◆ What to produce
Word for word, give the data again without its pictures.

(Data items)
──────────────────────────────

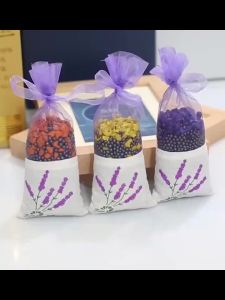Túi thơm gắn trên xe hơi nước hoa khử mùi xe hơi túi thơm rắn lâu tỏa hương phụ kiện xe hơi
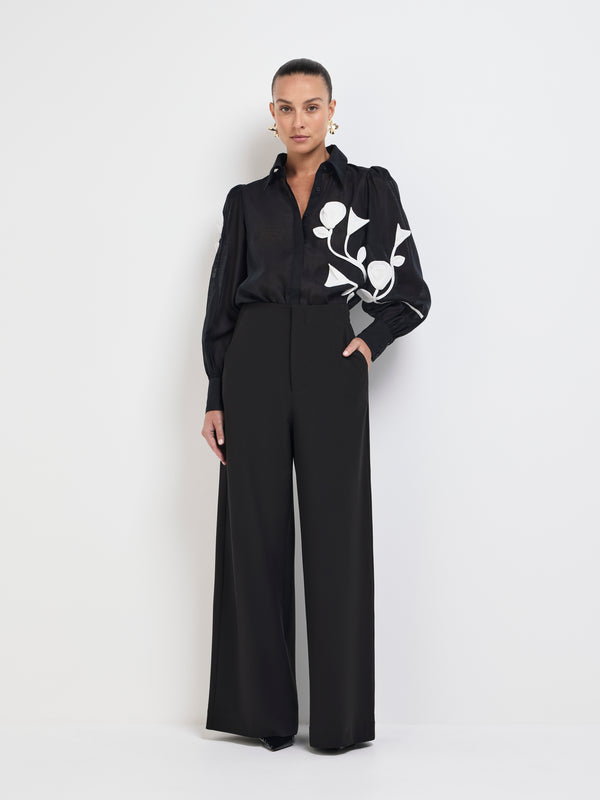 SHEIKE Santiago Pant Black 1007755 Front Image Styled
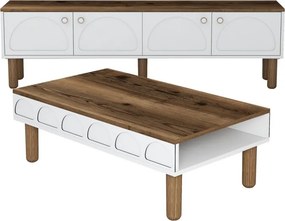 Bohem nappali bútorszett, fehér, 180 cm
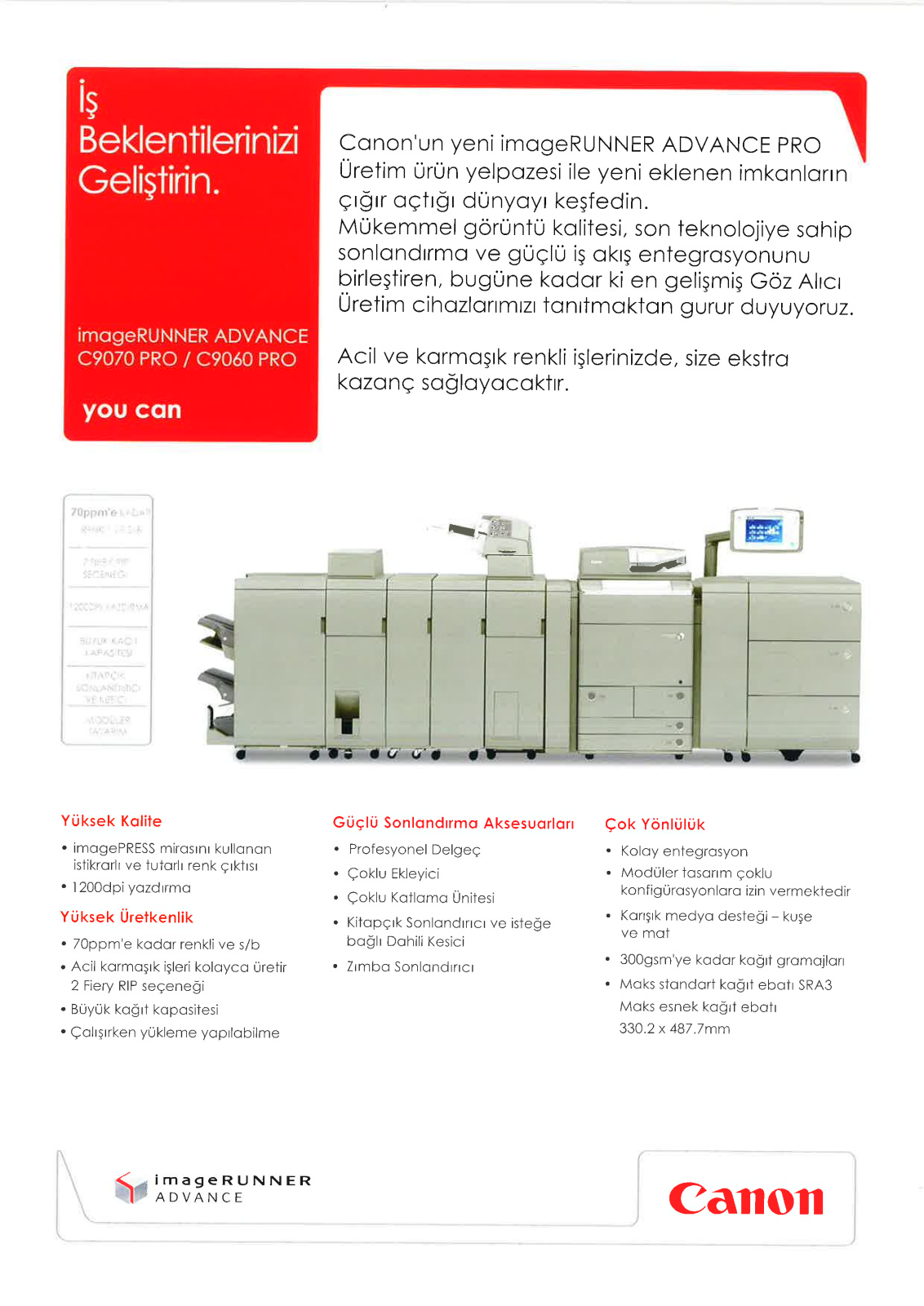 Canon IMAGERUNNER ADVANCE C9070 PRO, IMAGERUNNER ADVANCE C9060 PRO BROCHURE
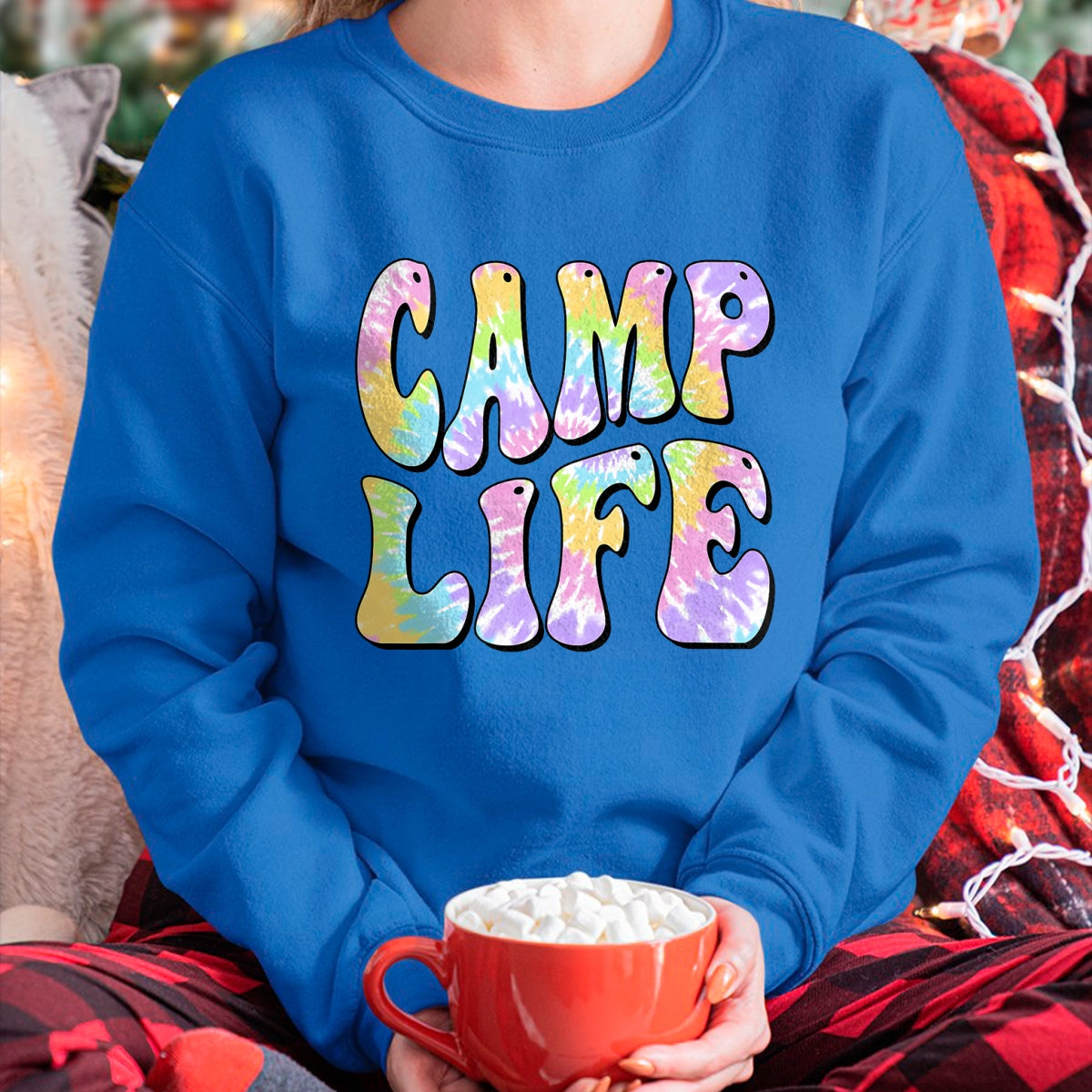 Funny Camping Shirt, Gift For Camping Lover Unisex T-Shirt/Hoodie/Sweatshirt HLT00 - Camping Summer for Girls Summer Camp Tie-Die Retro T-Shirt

──────────────────────────────

◆ Your solution
Túi thơm gắn trên xe hơi nước hoa khử mùi xe hơi túi thơm rắn lâu tỏa hương phụ kiện xe hơi
 SHEIKE Santiago Pant Black 1007755 Front Image Styled
 Bohem nappali bútorszett, fehér, 180 cm
 Canon IMAGERUNNER ADVANCE C9070 PRO, IMAGERUNNER ADVANCE C9060 PRO BROCHURE
 Funny Camping Shirt, Gift For Camping Lover Unisex T-Shirt/Hoodie/Sweatshirt HLT00 - Camping Summer for Girls Summer Camp Tie-Die Retro T-Shirt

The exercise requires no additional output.